> _EXERCISE_: Starting with the first line and ending with the line that holds "117 Susan Drive", repeat the material exactly.

> _SOURCE MATERIAL_:
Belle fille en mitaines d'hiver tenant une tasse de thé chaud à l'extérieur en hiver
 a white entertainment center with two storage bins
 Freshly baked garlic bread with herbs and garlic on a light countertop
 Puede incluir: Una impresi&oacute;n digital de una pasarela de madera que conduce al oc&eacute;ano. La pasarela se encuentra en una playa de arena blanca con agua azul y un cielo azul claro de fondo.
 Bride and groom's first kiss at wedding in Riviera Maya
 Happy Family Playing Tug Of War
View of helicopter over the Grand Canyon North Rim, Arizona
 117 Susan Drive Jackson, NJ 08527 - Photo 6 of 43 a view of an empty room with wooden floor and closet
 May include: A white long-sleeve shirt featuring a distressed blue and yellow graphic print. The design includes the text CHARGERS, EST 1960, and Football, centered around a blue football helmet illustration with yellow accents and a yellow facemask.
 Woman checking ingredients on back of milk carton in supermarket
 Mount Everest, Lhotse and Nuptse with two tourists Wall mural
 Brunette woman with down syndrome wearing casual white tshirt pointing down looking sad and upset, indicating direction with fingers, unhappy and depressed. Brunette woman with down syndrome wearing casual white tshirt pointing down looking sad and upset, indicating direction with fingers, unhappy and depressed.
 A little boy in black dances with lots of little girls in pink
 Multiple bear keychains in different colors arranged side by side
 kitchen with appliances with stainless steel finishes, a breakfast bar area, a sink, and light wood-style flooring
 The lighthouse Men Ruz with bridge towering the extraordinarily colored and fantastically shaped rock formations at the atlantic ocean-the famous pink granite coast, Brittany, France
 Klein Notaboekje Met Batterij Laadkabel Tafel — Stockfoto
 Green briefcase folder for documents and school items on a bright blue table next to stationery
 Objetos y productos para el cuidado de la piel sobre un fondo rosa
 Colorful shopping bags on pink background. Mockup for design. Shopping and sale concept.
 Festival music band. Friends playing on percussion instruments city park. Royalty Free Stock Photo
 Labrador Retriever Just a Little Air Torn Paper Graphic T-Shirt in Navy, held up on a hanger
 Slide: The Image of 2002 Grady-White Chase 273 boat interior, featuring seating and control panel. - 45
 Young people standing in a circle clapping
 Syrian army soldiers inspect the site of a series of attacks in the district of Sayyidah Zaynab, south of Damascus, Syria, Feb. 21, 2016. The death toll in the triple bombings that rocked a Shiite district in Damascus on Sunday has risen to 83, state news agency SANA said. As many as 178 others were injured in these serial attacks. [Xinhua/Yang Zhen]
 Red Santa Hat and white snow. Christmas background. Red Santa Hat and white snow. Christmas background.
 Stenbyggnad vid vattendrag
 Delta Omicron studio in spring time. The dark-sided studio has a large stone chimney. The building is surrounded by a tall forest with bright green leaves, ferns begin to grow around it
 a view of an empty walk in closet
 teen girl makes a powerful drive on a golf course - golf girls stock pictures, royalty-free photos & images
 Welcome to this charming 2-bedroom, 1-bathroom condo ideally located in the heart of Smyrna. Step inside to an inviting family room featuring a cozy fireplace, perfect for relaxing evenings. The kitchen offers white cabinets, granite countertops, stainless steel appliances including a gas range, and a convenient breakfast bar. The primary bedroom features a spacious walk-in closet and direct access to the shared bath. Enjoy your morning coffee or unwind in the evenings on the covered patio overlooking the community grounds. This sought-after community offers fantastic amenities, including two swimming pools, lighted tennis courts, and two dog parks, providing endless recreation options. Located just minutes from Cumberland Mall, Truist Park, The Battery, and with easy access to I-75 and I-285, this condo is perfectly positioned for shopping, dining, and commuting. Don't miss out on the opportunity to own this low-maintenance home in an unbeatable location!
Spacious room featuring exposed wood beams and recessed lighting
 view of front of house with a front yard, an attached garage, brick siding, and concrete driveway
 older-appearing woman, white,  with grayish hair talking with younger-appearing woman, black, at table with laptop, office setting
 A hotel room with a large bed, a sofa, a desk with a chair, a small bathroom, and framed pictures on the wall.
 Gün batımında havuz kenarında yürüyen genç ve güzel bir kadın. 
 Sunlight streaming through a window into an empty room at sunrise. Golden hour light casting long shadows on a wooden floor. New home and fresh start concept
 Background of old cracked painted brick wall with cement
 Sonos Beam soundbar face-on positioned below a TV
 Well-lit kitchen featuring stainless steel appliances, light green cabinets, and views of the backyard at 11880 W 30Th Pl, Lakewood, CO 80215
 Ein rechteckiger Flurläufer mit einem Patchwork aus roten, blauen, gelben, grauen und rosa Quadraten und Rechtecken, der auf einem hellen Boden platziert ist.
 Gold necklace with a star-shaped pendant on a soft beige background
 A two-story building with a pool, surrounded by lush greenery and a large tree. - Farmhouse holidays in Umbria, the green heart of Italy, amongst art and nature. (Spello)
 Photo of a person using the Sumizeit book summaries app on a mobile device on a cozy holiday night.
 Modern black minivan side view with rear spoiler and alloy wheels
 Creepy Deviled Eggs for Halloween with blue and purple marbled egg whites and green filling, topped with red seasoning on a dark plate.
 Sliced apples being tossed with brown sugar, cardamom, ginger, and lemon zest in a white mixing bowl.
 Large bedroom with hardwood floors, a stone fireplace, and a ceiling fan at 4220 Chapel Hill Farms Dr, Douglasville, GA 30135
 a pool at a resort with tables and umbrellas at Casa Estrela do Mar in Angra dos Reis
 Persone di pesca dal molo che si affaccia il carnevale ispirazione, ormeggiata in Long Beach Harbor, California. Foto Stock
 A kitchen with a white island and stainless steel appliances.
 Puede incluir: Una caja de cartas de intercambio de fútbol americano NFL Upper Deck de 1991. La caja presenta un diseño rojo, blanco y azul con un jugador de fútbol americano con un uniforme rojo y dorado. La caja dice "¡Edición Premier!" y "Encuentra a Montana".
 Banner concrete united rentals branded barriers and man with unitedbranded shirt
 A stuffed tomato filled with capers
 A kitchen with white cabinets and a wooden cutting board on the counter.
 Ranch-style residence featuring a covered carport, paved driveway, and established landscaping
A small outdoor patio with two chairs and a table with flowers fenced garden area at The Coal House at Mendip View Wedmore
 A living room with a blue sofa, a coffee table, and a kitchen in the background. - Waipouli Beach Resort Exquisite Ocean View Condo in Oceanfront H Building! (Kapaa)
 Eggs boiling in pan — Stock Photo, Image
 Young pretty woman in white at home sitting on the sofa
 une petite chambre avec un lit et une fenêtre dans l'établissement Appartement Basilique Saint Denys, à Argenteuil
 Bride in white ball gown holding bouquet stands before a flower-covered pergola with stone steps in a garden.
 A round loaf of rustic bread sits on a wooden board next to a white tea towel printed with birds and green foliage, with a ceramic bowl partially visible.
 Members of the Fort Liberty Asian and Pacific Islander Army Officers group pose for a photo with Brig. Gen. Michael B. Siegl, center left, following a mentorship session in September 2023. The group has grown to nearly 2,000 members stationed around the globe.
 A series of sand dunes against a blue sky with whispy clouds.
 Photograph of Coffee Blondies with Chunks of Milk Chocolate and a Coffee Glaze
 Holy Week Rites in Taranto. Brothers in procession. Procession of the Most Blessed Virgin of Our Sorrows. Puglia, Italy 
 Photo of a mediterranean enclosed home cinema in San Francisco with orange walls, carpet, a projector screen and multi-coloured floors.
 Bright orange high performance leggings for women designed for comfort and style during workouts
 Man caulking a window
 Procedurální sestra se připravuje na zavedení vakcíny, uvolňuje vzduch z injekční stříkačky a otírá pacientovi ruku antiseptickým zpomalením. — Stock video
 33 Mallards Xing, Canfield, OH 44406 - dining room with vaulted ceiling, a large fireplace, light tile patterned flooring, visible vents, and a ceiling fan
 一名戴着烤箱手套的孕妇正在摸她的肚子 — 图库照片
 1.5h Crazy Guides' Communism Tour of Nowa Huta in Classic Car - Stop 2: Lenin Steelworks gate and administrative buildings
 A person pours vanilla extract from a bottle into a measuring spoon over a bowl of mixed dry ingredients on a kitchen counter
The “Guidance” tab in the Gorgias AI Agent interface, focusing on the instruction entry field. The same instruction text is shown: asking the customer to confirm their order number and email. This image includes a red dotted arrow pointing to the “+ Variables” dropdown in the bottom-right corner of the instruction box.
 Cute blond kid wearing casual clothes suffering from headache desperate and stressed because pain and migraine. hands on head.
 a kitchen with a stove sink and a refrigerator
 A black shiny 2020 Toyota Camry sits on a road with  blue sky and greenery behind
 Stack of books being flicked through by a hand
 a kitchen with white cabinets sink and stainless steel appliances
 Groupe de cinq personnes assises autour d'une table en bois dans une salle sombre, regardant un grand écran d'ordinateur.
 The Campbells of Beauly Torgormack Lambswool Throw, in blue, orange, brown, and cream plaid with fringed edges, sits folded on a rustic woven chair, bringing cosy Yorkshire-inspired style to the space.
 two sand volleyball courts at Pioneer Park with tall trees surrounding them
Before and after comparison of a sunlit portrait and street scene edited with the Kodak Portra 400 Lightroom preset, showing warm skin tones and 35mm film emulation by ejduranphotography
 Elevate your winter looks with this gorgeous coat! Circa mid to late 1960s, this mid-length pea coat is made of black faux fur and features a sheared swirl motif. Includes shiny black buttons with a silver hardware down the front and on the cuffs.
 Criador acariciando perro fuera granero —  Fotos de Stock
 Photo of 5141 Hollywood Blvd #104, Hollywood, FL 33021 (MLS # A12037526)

> _RESPONSE_:
Belle fille en mitaines d'hiver tenant une tasse de thé chaud à l'extérieur en hiver
 a white entertainment center with two storage bins
 Freshly baked garlic bread with herbs and garlic on a light countertop
 Puede incluir: Una impresi&oacute;n digital de una pasarela de madera que conduce al oc&eacute;ano. La pasarela se encuentra en una playa de arena blanca con agua azul y un cielo azul claro de fondo.
 Bride and groom's first kiss at wedding in Riviera Maya
 Happy Family Playing Tug Of War
View of helicopter over the Grand Canyon North Rim, Arizona
 117 Susan Drive Jackson, NJ 08527 - Photo 6 of 43 a view of an empty room with wooden floor and closet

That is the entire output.